What set this exhibition, and by extension its elegant book, apart from other shows concentrating on midcentury work is its specific focus on Jewish designers, artists, and architects. The project featured thirty-four individuals, some well-known and others less so, whose life and work can be tied to “six hubs across the United States that were critical in the broad dissemination of modernist design principals between the 1930s and the 1950s” (8), writes the Contemporary Jewish Museum’s Executive Director Lori Starr in the book’s foreword. The six hubs, most of which are part of the canon of modern design history, are the Museum of Modern Art, New York; Black Mountain College, North Carolina; the Institute of Design at the Illinois Institute of Technology, Chicago; the Walker Art Center, Minneapolis; Arts and Architecture magazine, Los Angeles; and Pond Farm, Guerneville, California—the latter certainly the least known of the six.
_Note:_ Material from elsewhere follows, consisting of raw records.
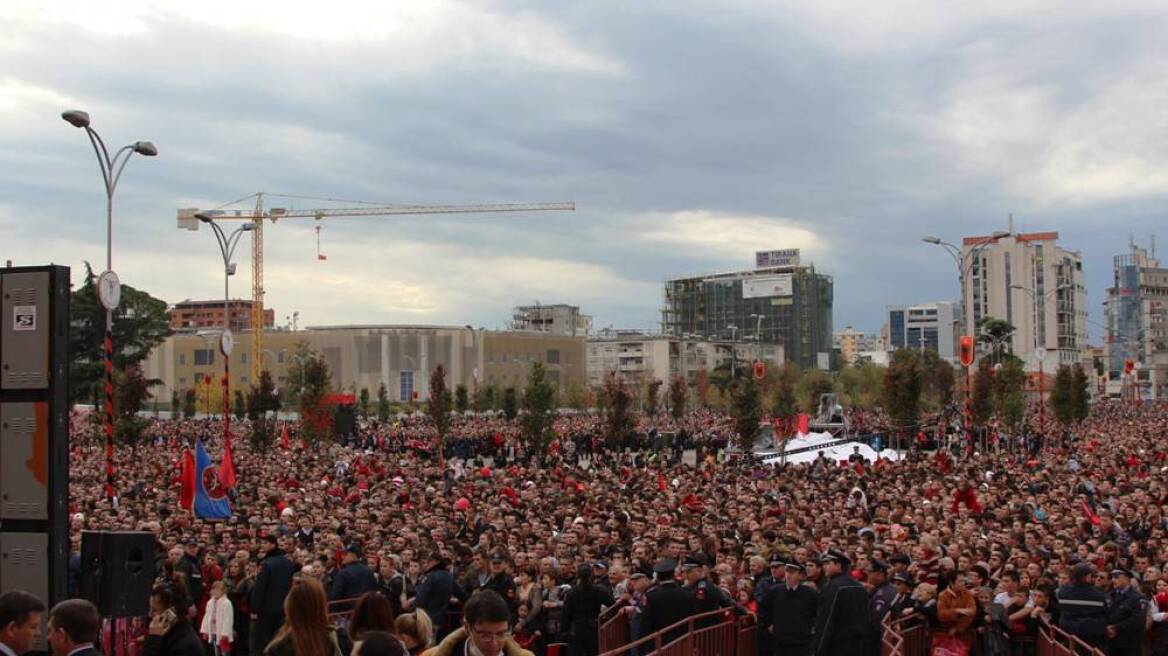 Τίρανα: Μολότοφ και δακρυγόνα σε μεγάλη διαδήλωση κατά του Ράμα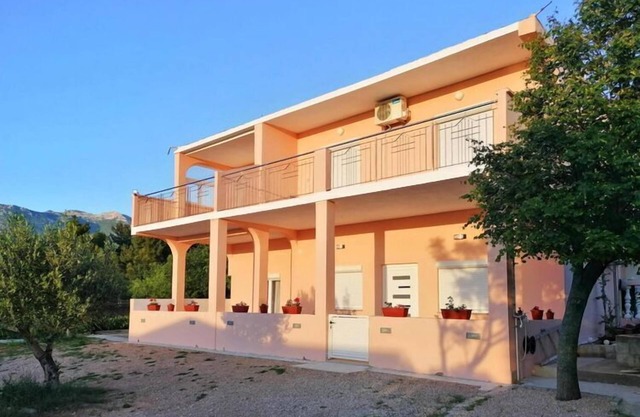 Apartment in Rovanjska with seaview
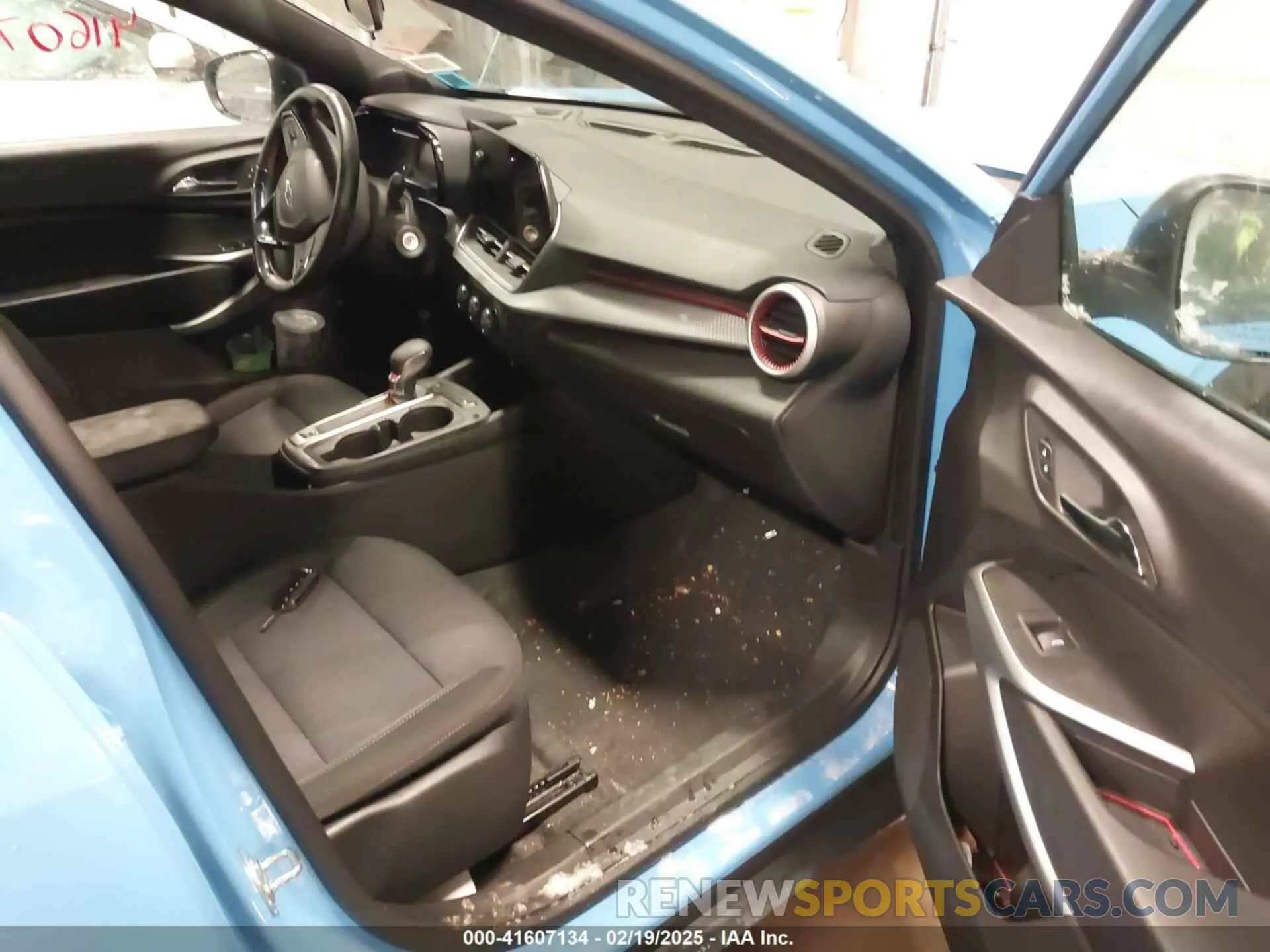 5 fotografías del automóvil dañado KL77LGE23RC176462 CHEVROLET TRAX 2024
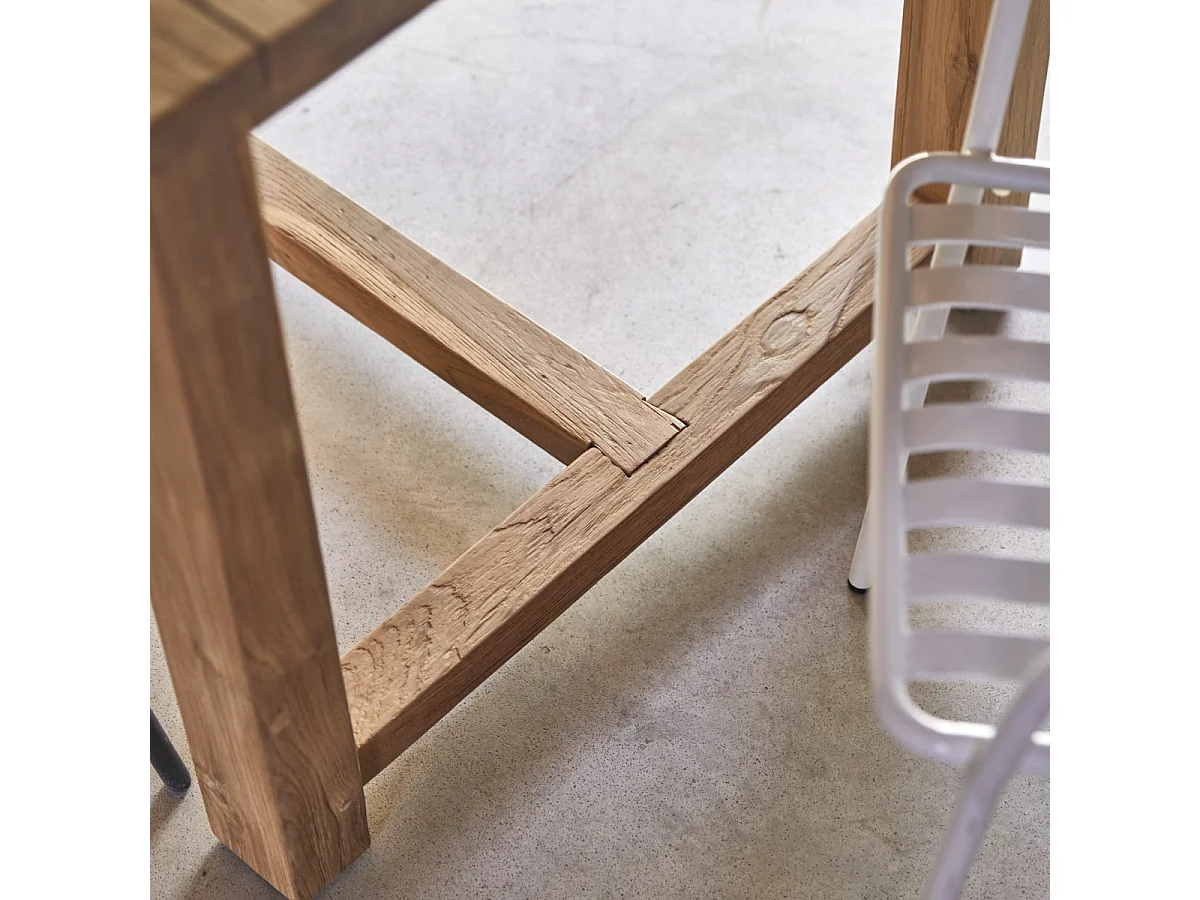 Gartentisch Teresa aus massivem, recyceltem Teakholz 200 cm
Significantly, the overall purpose of the exhibition was not merely to link the designers by their Jewishness, but instead to strongly tie their work to the spread of modernism throughout postwar America and the growth of an American-based avant-garde design culture in the 1950s, and, importantly, to consider why Jews in particular (some born in America and others either exiles or émigrés from a war-torn Europe) might have been attracted to modernism. In his essay “Avant-Garde Belongs Neither to Gentile Nor Jew,” Albrecht pointedly considers this question and argues that Jews helped create “a distinctly modern American domestic landscape” (13). Referring to the work of the historian Andrew Heinze, Albrecht writes that the strong Jewish focus on the home—for family-based observances such as Shabbat, for the placement of Judaic objects such as mezuzot on the doorposts, etc.—generated a need for a forcefully designed world that retained the symbolic power of Judaism and its rituals, but was a receptive forum for a new, clean modernism. By breaking with older, historical forms, Albrecht connects the work to larger cultural tides of assimilation that have characterized much of American Jewry since waves of Jewish immigrants came to American shores at the turn of the twentieth century. Albrecht’s essay, then, makes a strong contribution not just to modernist design history but to Jewish cultural history as well.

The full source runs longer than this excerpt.